_WHAT YOU SHOULD DO_. Retype nothing except the lines below from the one with "Παλτό μάλλινο καρό μπορντό" through the one with "personalized name ring", exactly, with images left out.

Short descriptive text snippets
☆ ☆ ☆
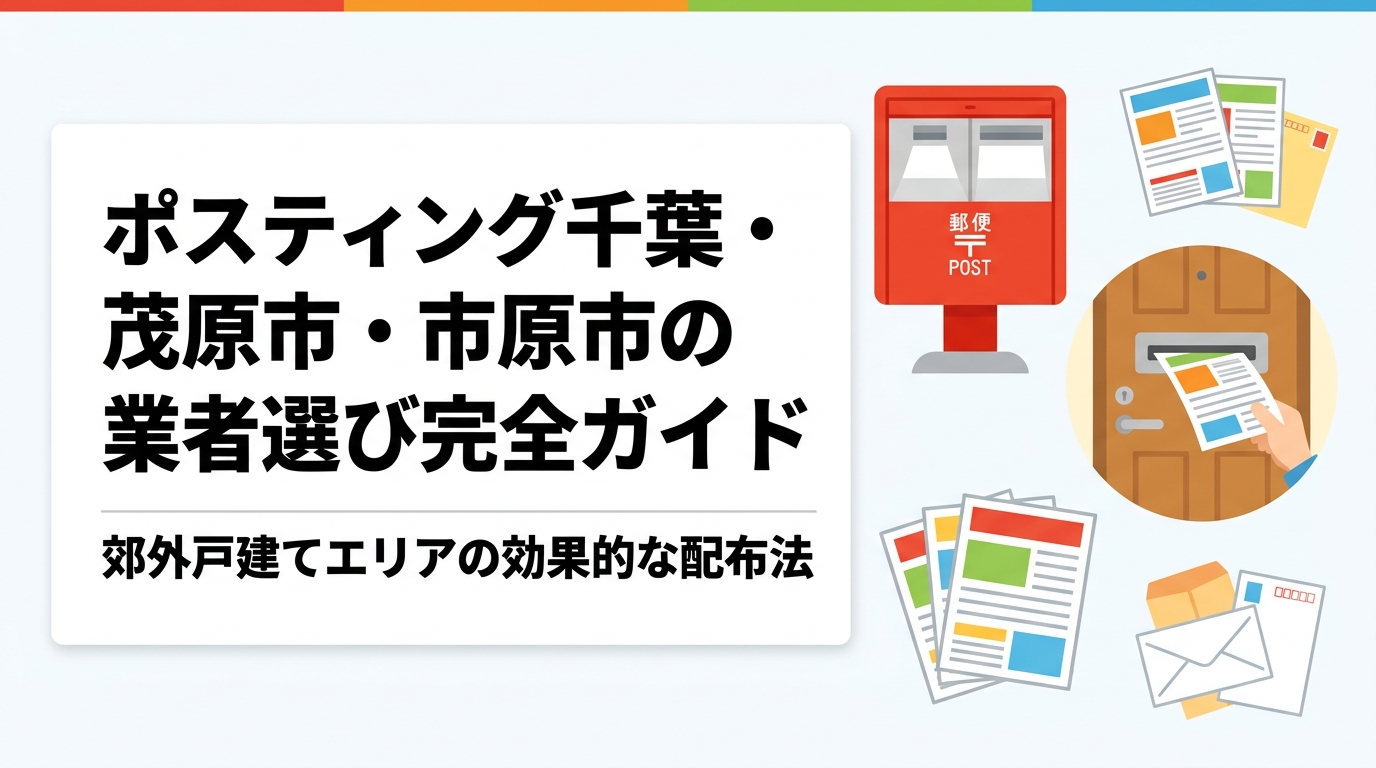 千葉南部の茂原市・市原市でポスティングをお考えの事業者向けに、郊外エリアの特性・戸建て軒並み配布の効果・都市部との単価差の目安・業者選びのポイントを実務的に解説します。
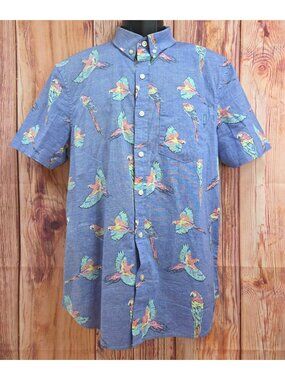 Chubbies Mens Parrot Print Short Sleeve Button-Down Shirt Medium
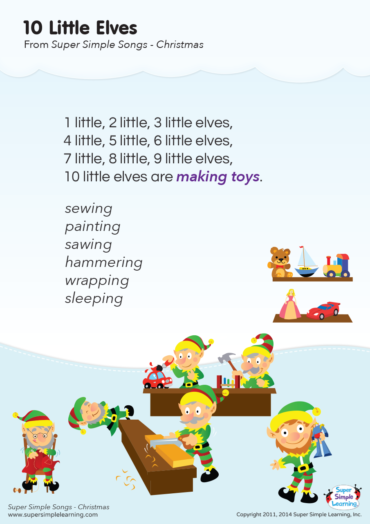 10 Little Elves Lyrics Poster - Super Simple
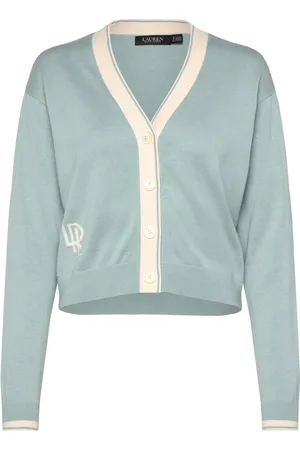 Ralph Lauren Two-T Cotton-Blend Cardigan Tops Knitwear Cardigans Blue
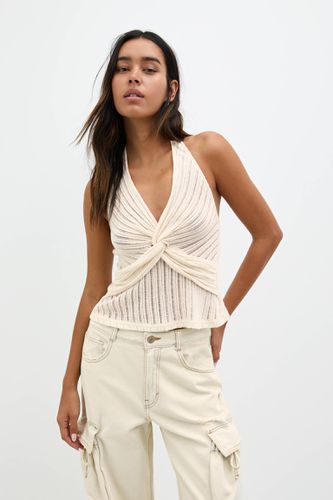 Top Crochet Nœud Encolure Américaine - Pull&Bear - Modalova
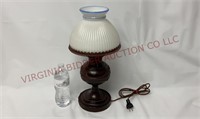 Vintage Electric Table Lamp - Cracked Globe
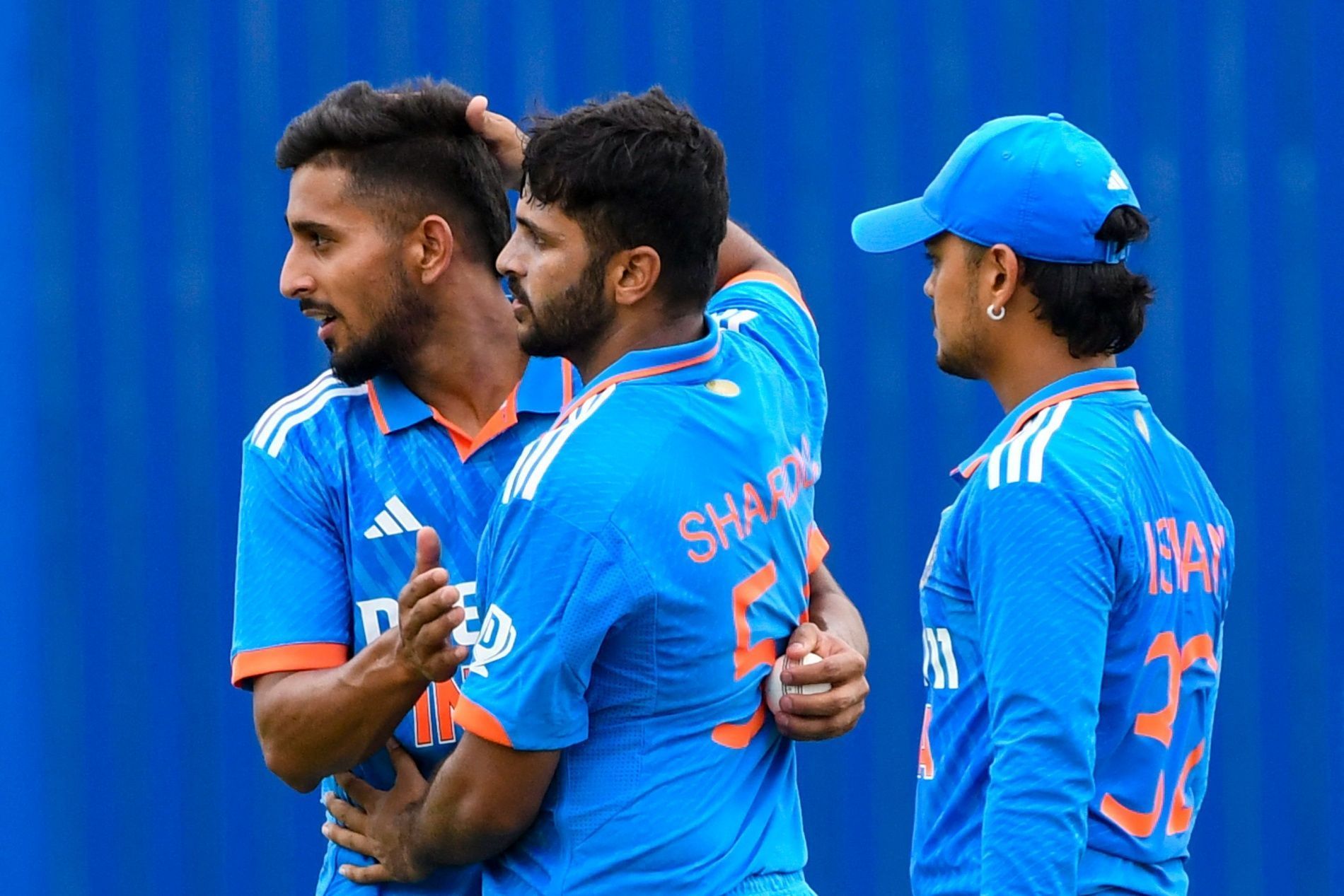 Shardul Thakur celebrates a wicket with his teammates. (Pic: BCCI)
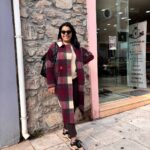 Παλτό μάλλινο καρό μπορντό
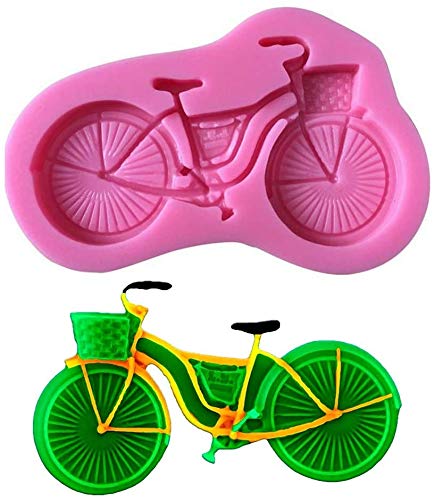 Bycycle Silicone Fondant Mold Chocolate Candy Gumpaste Sugarcraft Cake Decorating Tools Paper Clay Mold (Bicycle Bike with Out Basket)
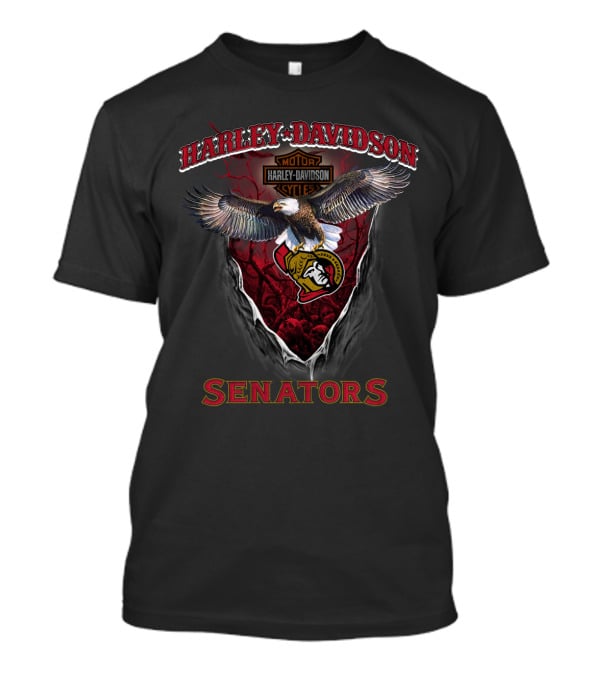 Harley Davidson Motorcycle Eagle Ottawa Senators T-Shirt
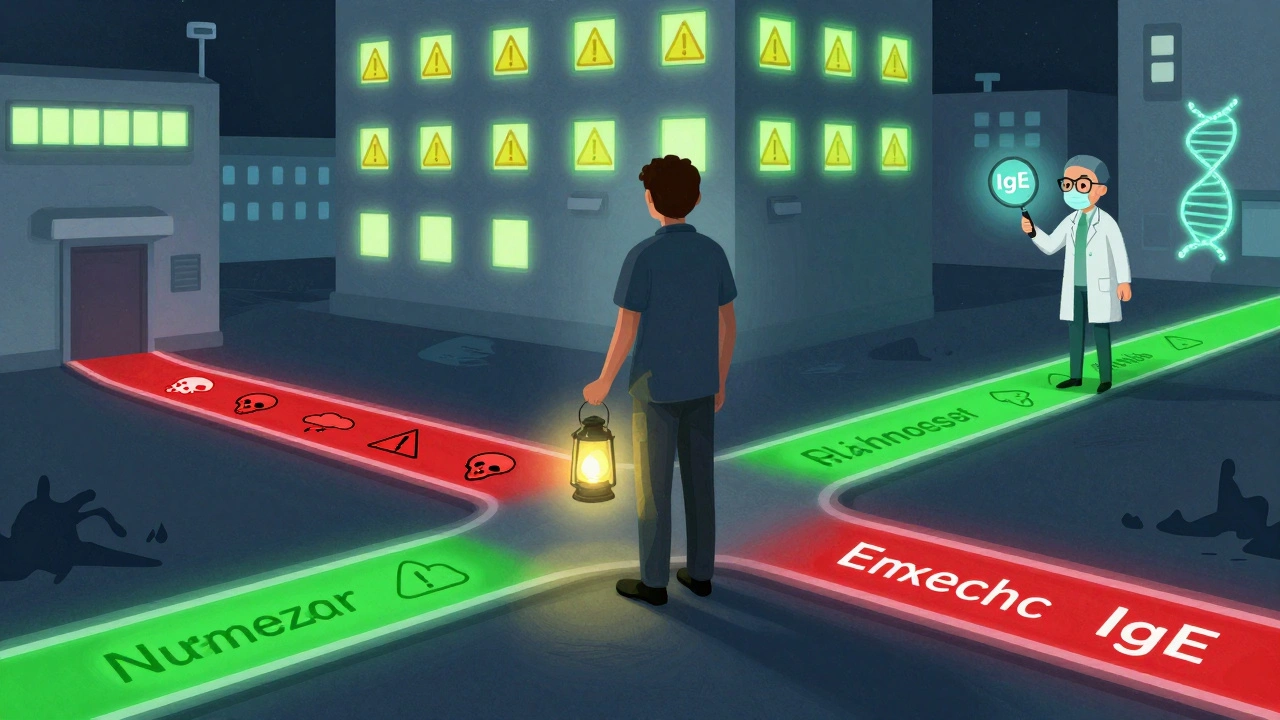 A patient stands at a crossroads of drug pathways, illuminated by a lantern made of their past medical memories.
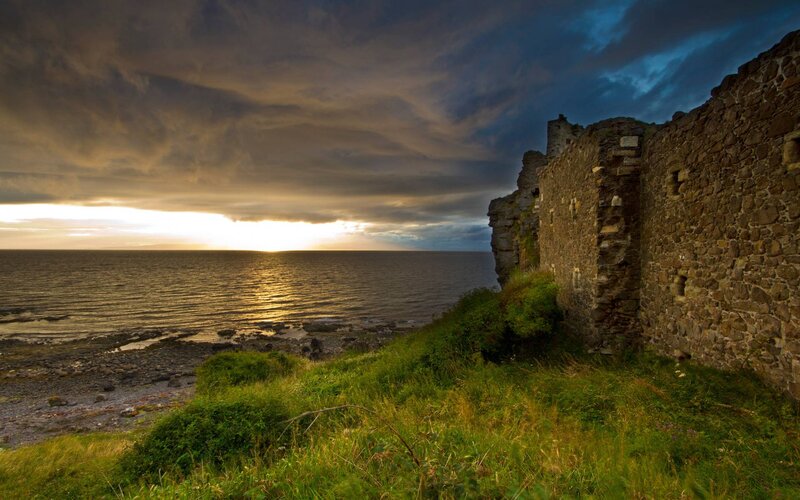 Ruined Stone Wall by Sea — Green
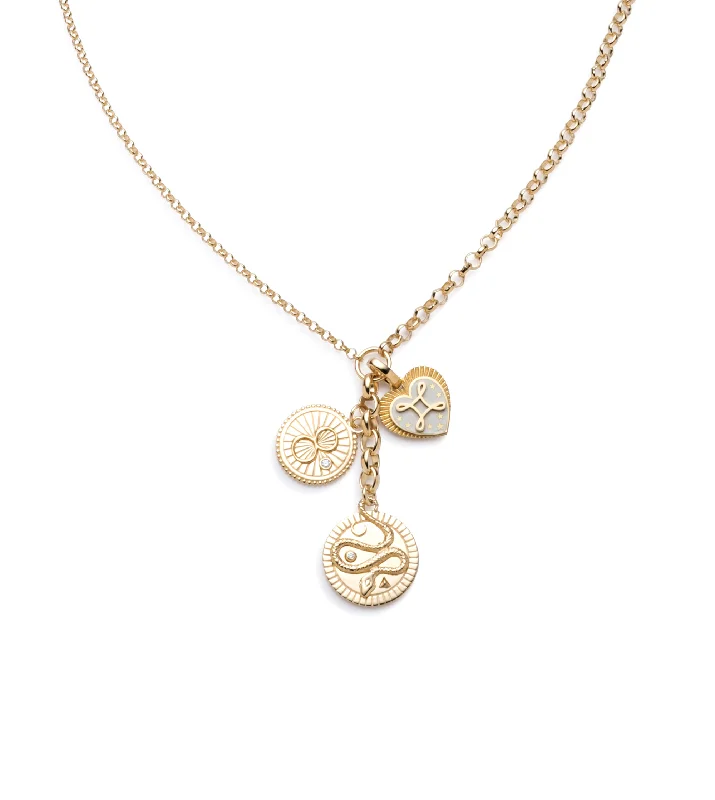 personalized name ring Wholeness, Karma, & Love Story : Medium Mixed Belcher Extension Chain Necklace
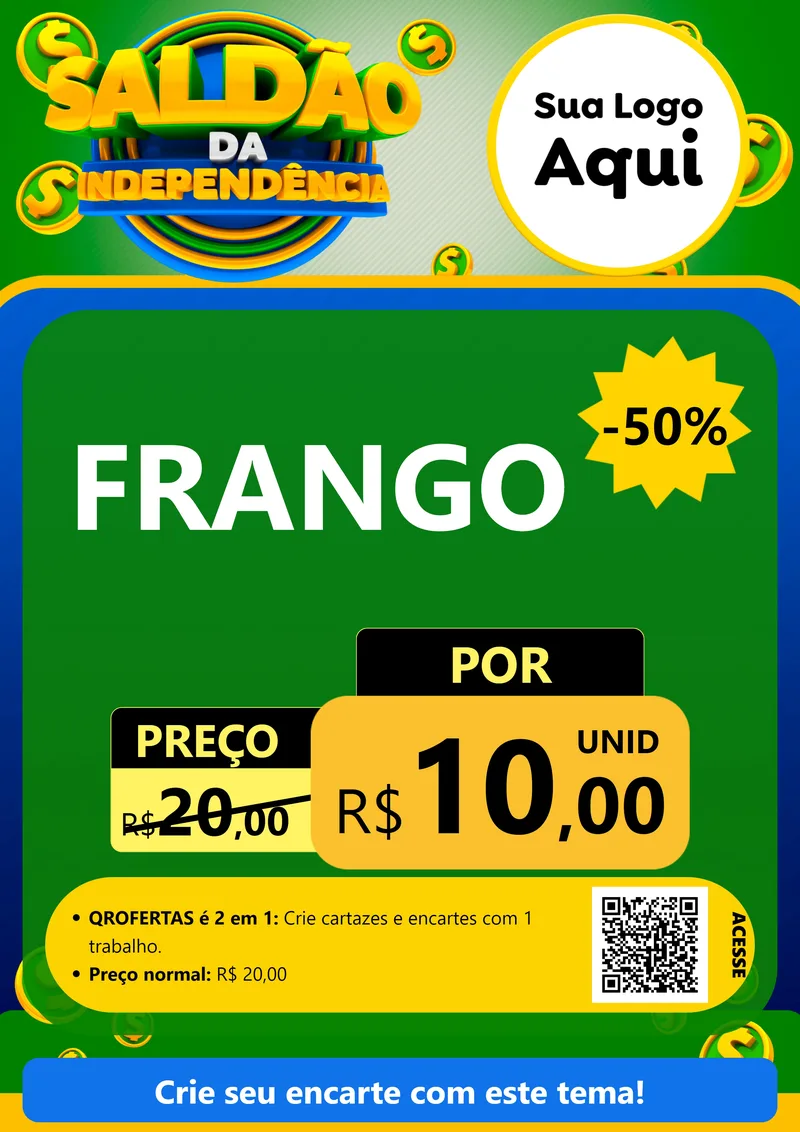 Modelo de Cartaz para Cartaz A4 Vertical com o tema Saldão da Indepêndencia para Assados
☆ ☆ ☆
_ANSWER AREA_.
 Παλτό μάλλινο καρό μπορντό
 Bycycle Silicone Fondant Mold Chocolate Candy Gumpaste Sugarcraft Cake Decorating Tools Paper Clay Mold (Bicycle Bike with Out Basket)
 Harley Davidson Motorcycle Eagle Ottawa Senators T-Shirt
 A patient stands at a crossroads of drug pathways, illuminated by a lantern made of their past medical memories.
 Ruined Stone Wall by Sea — Green
 personalized name ring Wholeness, Karma, & Love Story : Medium Mixed Belcher Extension Chain Necklace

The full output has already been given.